#### [Task directions]
Beginning with the line that contains "BMW 340 * xDrive", restate each line below through the final one exactly, and exclude the pictures.

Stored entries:
'''
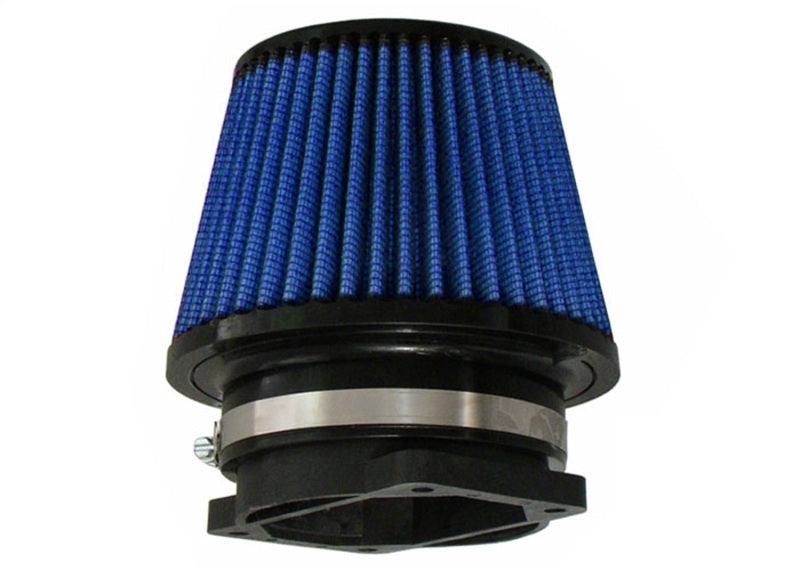 Cold Air Intakes INJIS1890F Injen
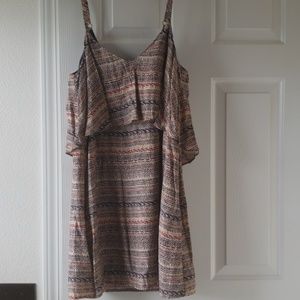 Forever 21 M Dress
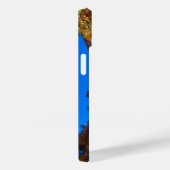 Coques Case-Mate iPhone Pont de printemps Bennett (Verso / Droite)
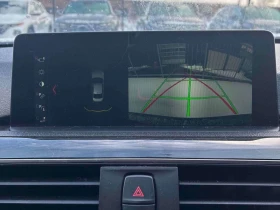 BMW 340 * xDrive * CARFAX * Фиксирана цена до България *  | Auto.bg — изображение 9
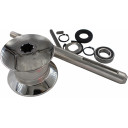 osp-kit-oppgradering-til-trommel-dp2-l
'''
#### [Exercise answer]
 BMW 340 * xDrive * CARFAX * Фиксирана цена до България *  | Auto.bg — изображение 9
 osp-kit-oppgradering-til-trommel-dp2-l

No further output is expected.